RIP to the 7-year-old bear market.  

Since stock markets around the world bottomed in March of 2009 during the Great Financial Crisis, U.S. stocks (specifically the S&P 500) have been on a tear.  We continuously hear that this bull market was over 9 years old and was “long in the tooth” and due for a pullback, since bull markets tend to last less than 3 years on average.

But was this really a 9-year-old bull market?

Nope.

Why?  Well many somehow forget the bear market that happened in the fall of 2011.

The S&P 500, the most popular benchmark index, hit an intraday peak of 1,370.58 on May 2, 2011. It went on to hit an intraday low of 1,101.54 on August 9, 2011. This was a drawdown of -19.6%, or -20% when rounded so this is close enough in my books!

Source: Bloomberg

The Russell 2000, the US small cap index, hit an intraday peak of 868.570 on May 2, 2011, and went on to hit an intraday low of 634.710 on September 22, 2011. This represented a peak-to-trough decline of -26.9% (well into bear market territory).

Source: Bloomberg

The TSX Composite, Canada’s benchmark index, went from an intraday high of 14,314.45 on April 6, 2011, to an intraday low of 11,293.63 on September 26, 2011, for a peak-to-trough decline of -21.1%.

Source: Bloomberg

As you can see, many benchmark stock market indices declined by -20% or more in 2011, officially marking the end of the 2.5 year bull market that began in March 2009 and the start of a new bull market that began in August-September of 2011.

So with the last bull market of 2011 – 2018 officially over, let’s put it in the books as one of the longest bulls of all time (but not the longest, which lasted nearly 10 years from October 1990 to March 2000).

Why is this important?
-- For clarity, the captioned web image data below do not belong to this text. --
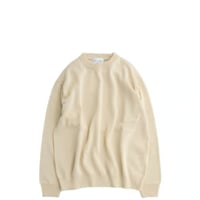 STILL BY HAND(スティルバイハンド)　　  10G cotton sweater　　　KN04261　　　Natural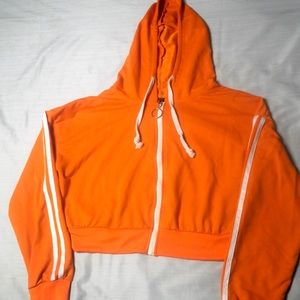 Orange Cropped Sweater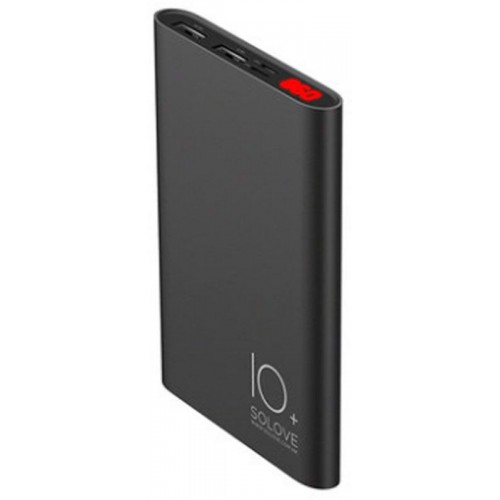 Power Bank Solove A9s Portable Metallic 10000mAh Black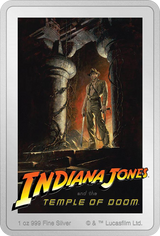 1 Unze Silber Indiana Jones Tempel des Todes 2023 PP (Auflage:1.984 | coloriert | Polierte Platte)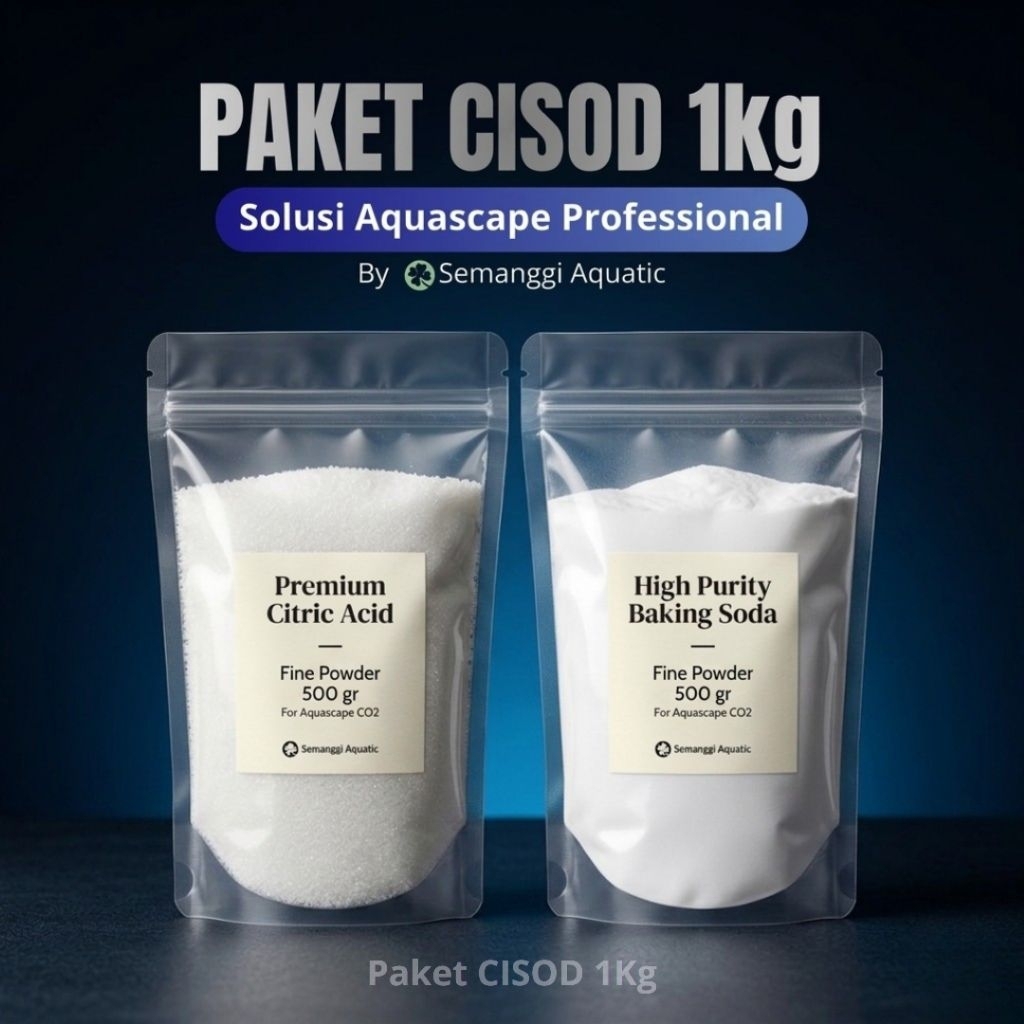 CISOD 1 KG / CITRUN BACKING SODA / CO2 DIY / PAKET CISOD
Well a bear market is like a hangover – the bull market was a blast but now’s the time to get rid of the excesses in the market built up over the last number of years, such as stretched valuations and overly eager lending standards.

The best part of a hangover is knowing it tends to be only temporary so we have something positive to look forward to. The average bear market lasts only 10 months on average.